L’espulsione è un provvedimento estremo, che dovrebbe essere limitato ai casi di indegnità morale. Utilizzarla come arma contro i dissidenti è un sotterfugio ignobile. E inammissibile.

Espulso Paragone, e adesso chi sarà, il prossimo?

“Gianluigi è infinitamente più grillino di tanti che si professano tali. Non c'è mai stata una volta che non fossi d'accordo con lui. Vi esorto a leggere quel che dice e a trovare differenze con quel che dicevo io nell'ultima campagna elettorale che ho fatto. Quella da non candidato, quella del 33%”. Alessandro Di Battista non usa mezzi termini, su questa vicenda. E le sue parole sono talmente nette da non poter essere ignorate: svettano ben al di là di una solidarietà generica, e si innalzano al rango di una poderosa consonanza politica. Per non dire ideologica.

Secondo affaritaliani.it, “Si tratta di una dichiarazione davvero a sorpresa, anche perché sconfessa di fatto la linea del leader politico del M5s, Luigi Di Maio, con il quale sembrava invece esserci grande comunione di intenti. Una dichiarazione che di fatto rilancia le supposizioni di chi vede Di Battista come prossimo leader al posto di Di Maio. In molti individuano proprio in lui il nome giusto per far tornare il M5s al suo spirito originario”.
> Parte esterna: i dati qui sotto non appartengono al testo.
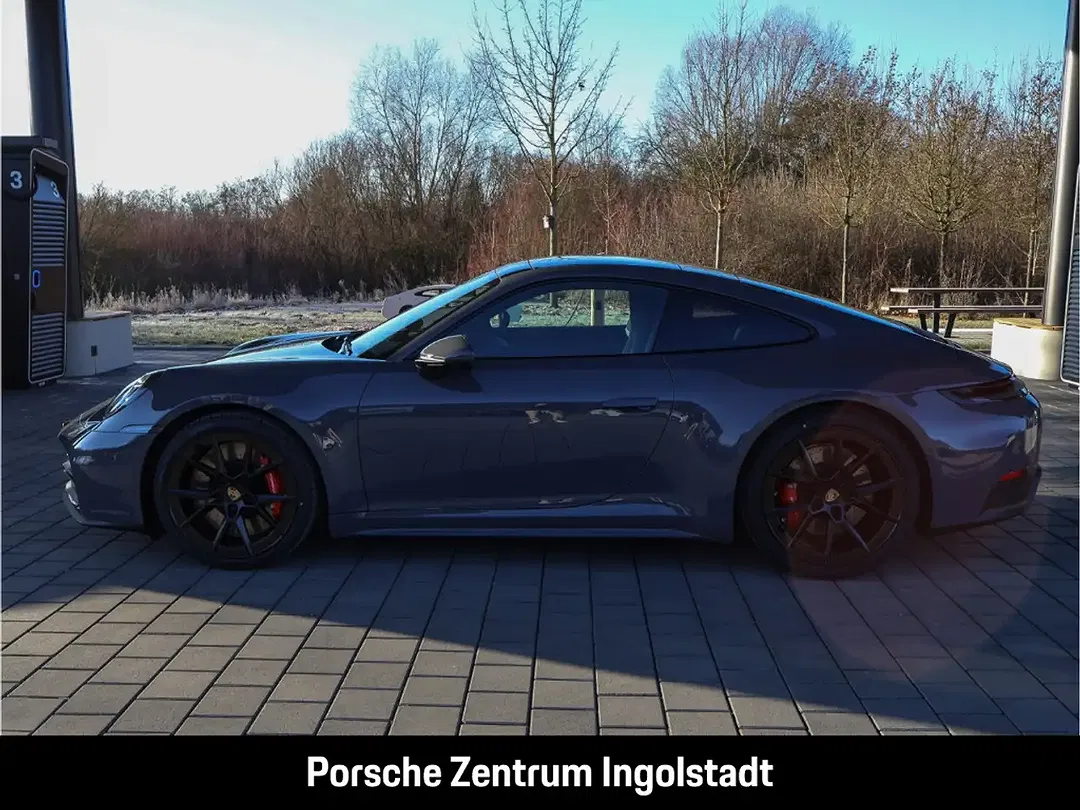 Porsche 992 - Thumbnail 2
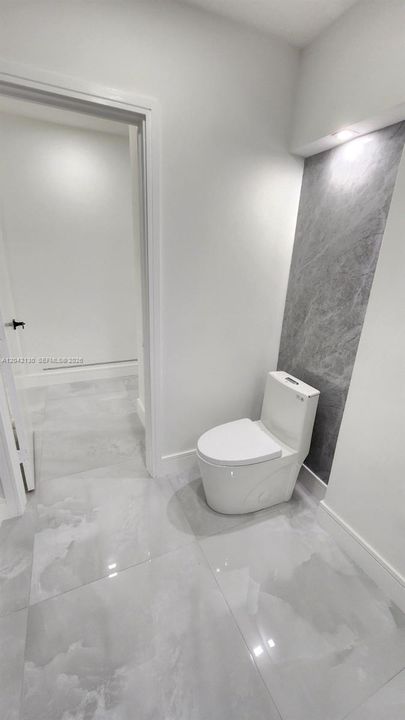 На продажу: $589,500 (3 спален, 2 ванн, 1103 Квадратных фут)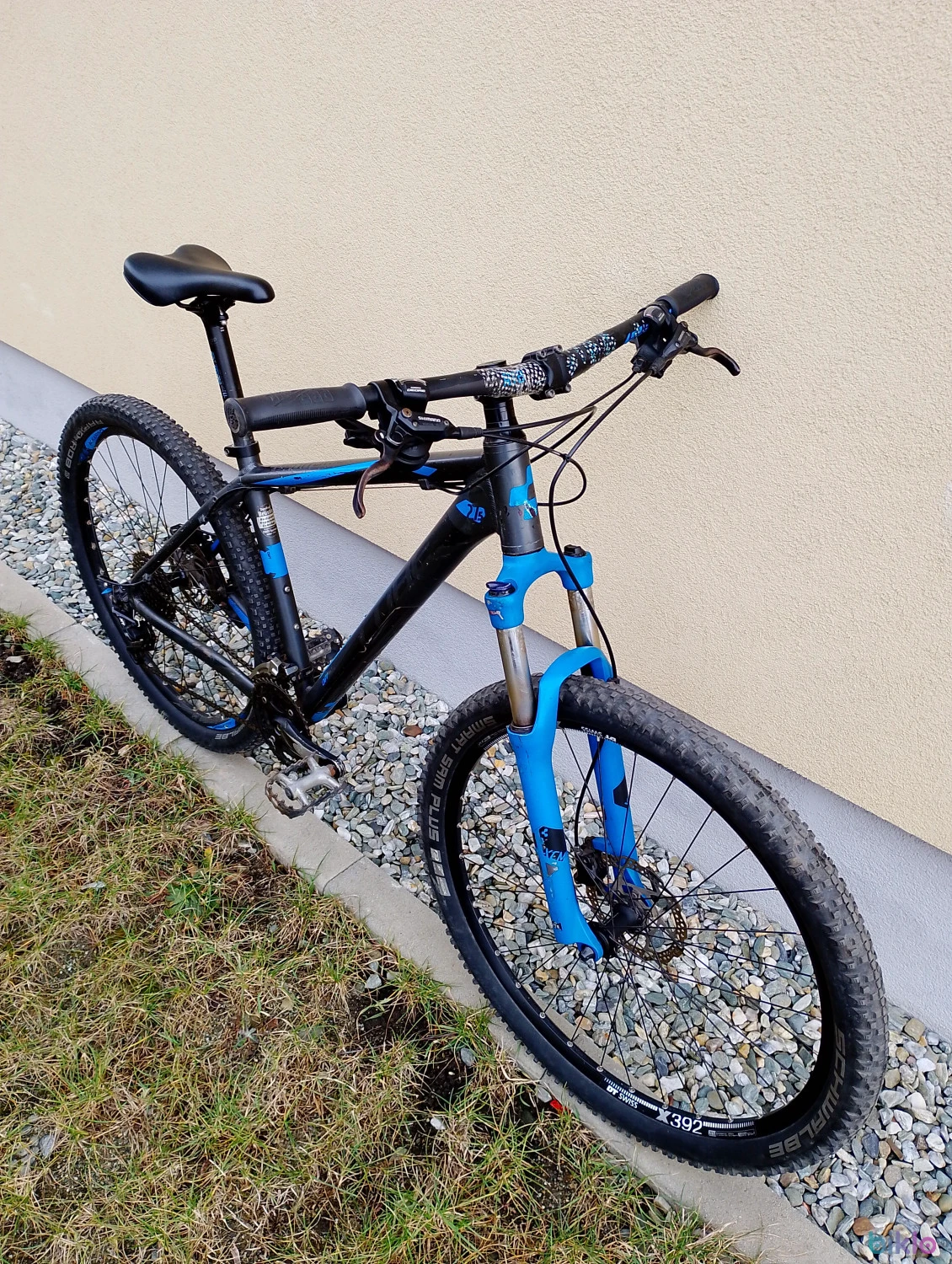 4. Bicicleta Cube Attention 27.5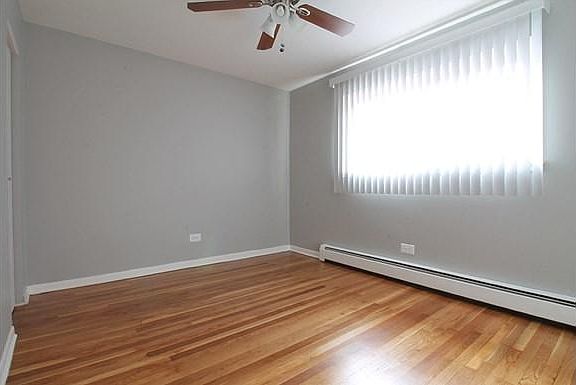 4th image of 923 Garfield St APT 8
Ma è una prospettiva, quest’ultima, che appare così remota da sconfinare nella pura astrazione. Per potersi realizzare, infatti, ci sarebbe bisogno che venisse meno il condizionamento di Grillo. Il quale, mai dimenticarlo, è stato ed è il più strenuo sostenitore dell’alleanza con il PD, nel delirante presupposto che Zingaretti e soci (soci: mica compagni…) possano diventare altro da ciò che sono stati in precedenza.

Un’ipotetica uscita di scena del “garante”, però, toglierebbe al M5S – che merita sempre meno la qualifica di Movimento e perciò la usurpa – la pietra angolare dell’intero edificio, portando quasi sicuramente a una disgregazione generalizzata. E accelerata. I dissidi interni esploderebbero ancora di più ed è a dir poco dubbio che proprio Di Battista riuscirebbe a detenere la titolarità del nome e del simbolo. A quel punto, potrebbe sì creare un proprio soggetto autonomo, ma senza poter contare sul vasto consenso accumulato via via dal 2007 in poi e culminato nel’exploit elettorale delle Politiche del 2018.

Il succitato “spirito originario” è svanito per sempre, come patrimonio collettivo e condiviso su larghissima scala. Circostanze eccezionali avevano permesso che si sprigionasse. Spudorati dietrofront ne hanno svelato la vera natura: un’illusione, un abbaglio, una barricata di cartapesta.